1) Crocs are the only near (or semi-near) basal archosaurs we know much about
so I'm not at all sure what type of respiratory system the Oregon group thinks
that bird respiration actually evolved from. Maybe they don't think they are
archosaurs anymore. I'm also ALWAYS bothered when I hear a scientist pronounce
that something could not have evolved from something else, especially when they
have no real evidence for an alternative. They can imply that birds popped (not
pooped) out of the archosaurs before the croc-like system developed but they
can only make this point, again, with a solid phylogenetic analysis that
demonstrates this and, frankly, I have yet to hear anything even near
persuasive from them that really shows what they say is there. I hope their
paper does a much better job of this than their SVP discussions. I suspect they
are seeing what they want as much or more than dino-origin types are doing with
2. I'm sure glad Larry Martin didn't try and overstate their case for them
(sarcasm here for those who can't tell). His suggestion that dino-origin types
have their opinions set to stone and ignore evidence on this issue is a tad
ironic given some of the near desperate comments I've heard from him and
Feduccia during this debate. Yes, it's far from over but these data far from
tilt things much or at all. I get very tired of hyperbole that seems to become
mandatory these days. Yes it's a nice specimen that's exciting. It's also a
juvenile which complicates things to some degree and there is a tremndous
amount of interpretation going on. Larry is doing a good service these days by
making an effort with phylogenetic stuff and requiring rigor from those doing
phylogenetic work attempting to show dino origins. However, it is now time to
require equal rigor on those arguing against it - or at least some rigor.

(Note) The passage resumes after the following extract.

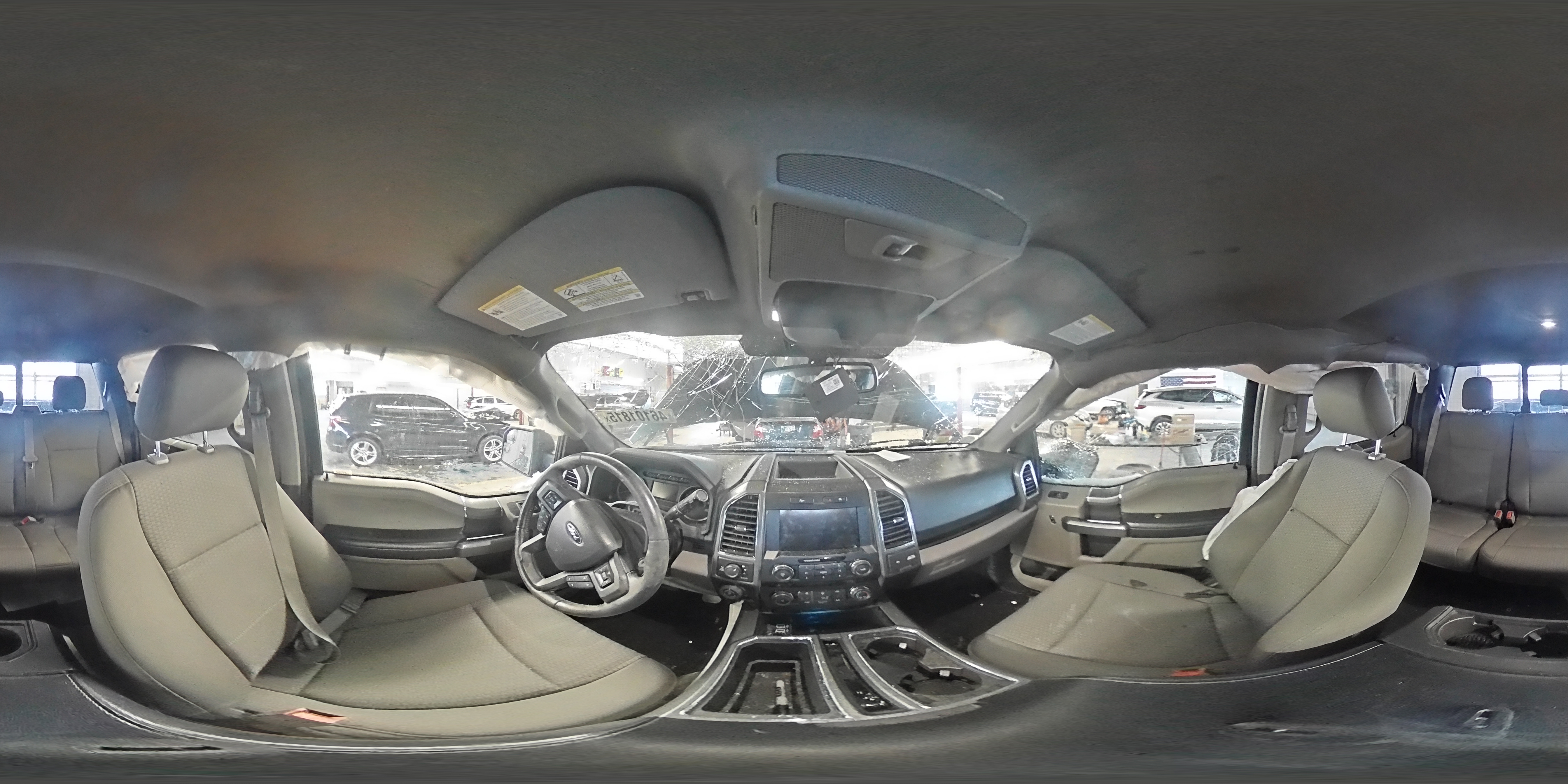 2019 Ford F-150 - Image 13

3. They may be correct on their interpetation of the croc system but, as I said
above, they cannot just state that x can't evolve from y. Just as models of the
origin of flight that state it must have originated in some way and could not
of in another don't work well either. These are called "just so stories" in the
business and can be fun, but are not particular useful in scientific
discussions that are trying to be quantitative and robust. In the
pre-Continental drift days the opposition said it couldn't have happened
because there is no mechanism. This despite a huge amount of evidence that it
had to. Well, eventually mechanisms were found and the main story to get from
this is "What has happened, can happen".
So, I don't know where birds come from yet. I don;t really care one way or
another, but I'd like to know. The evidence is still overwhelming that a dino
origin best fits the data but there is plenty of room for that to be wrong.
However, it will take lots of evidence, lots of quantitative data, lots of
robust analytical thinking, and lots of new material - and fewer just so
stories from all sides - before we can have total confidence.
This should make for a very interesting meeting in New Haven.
I'll also buy a beer (or diet Coke for me) for anyone that can find a Middle
Jurassic, or thereabouts, lagerstatten from a lake or coastal area that has
verts in it. Obviously that's where the action is (maybe early Upper, or even
late Early). Just gotta find some more rocks. Not asking for much, am I?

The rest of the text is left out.